EXERCISE AIM
With pictures left out, set down exactly the lines from the line containing "You can see" through the last line of the data.

AVAILABLE DATA
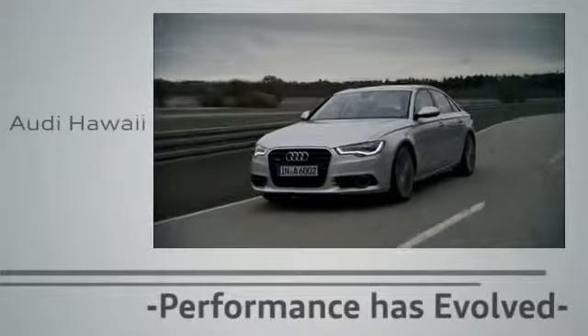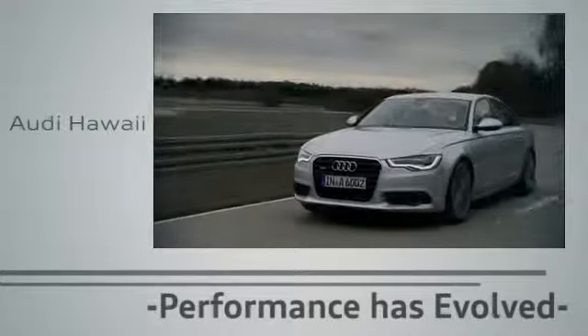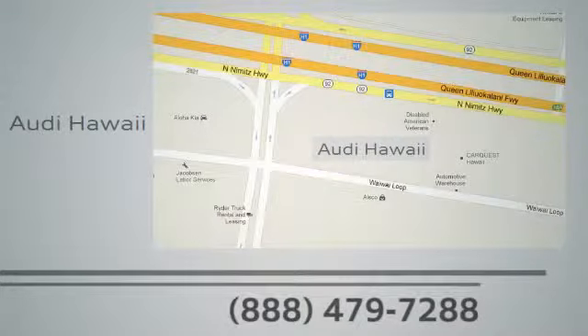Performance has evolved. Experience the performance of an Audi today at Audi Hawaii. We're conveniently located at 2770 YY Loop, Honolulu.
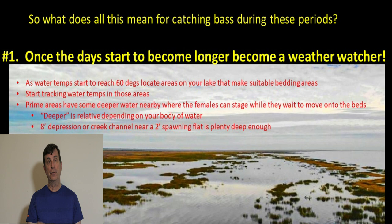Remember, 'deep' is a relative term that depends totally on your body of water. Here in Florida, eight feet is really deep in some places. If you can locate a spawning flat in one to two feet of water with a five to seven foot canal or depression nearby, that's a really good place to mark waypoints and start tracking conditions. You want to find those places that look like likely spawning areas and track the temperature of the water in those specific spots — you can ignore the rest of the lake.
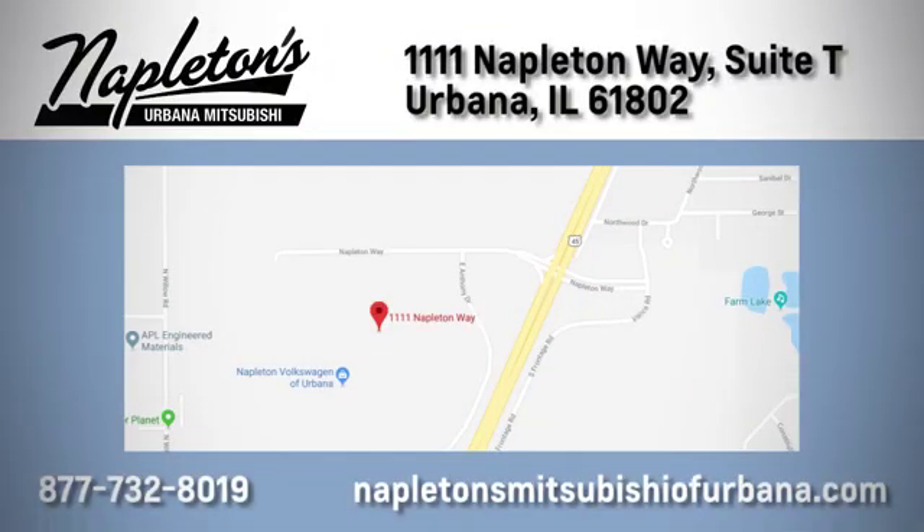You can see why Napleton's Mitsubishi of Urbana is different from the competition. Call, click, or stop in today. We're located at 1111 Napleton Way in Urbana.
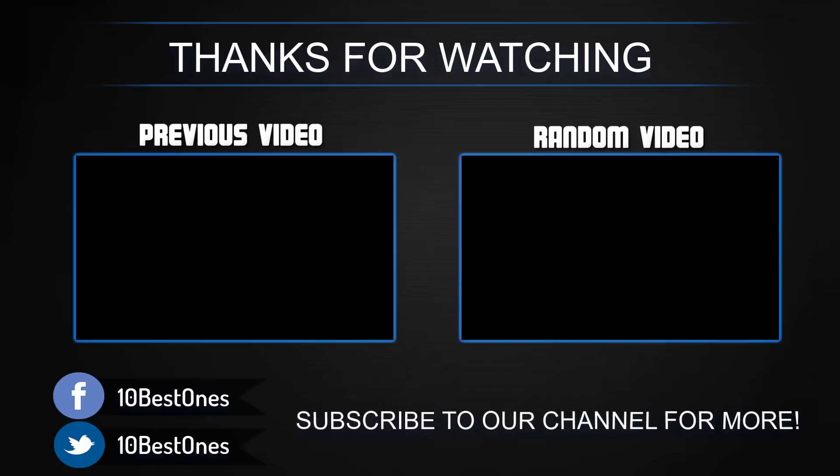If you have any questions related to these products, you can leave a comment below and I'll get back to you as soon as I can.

RESULT FOR THIS TASK
You can see why Napleton's Mitsubishi of Urbana is different from the competition. Call, click, or stop in today. We're located at 1111 Napleton Way in Urbana.
If you have any questions related to these products, you can leave a comment below and I'll get back to you as soon as I can.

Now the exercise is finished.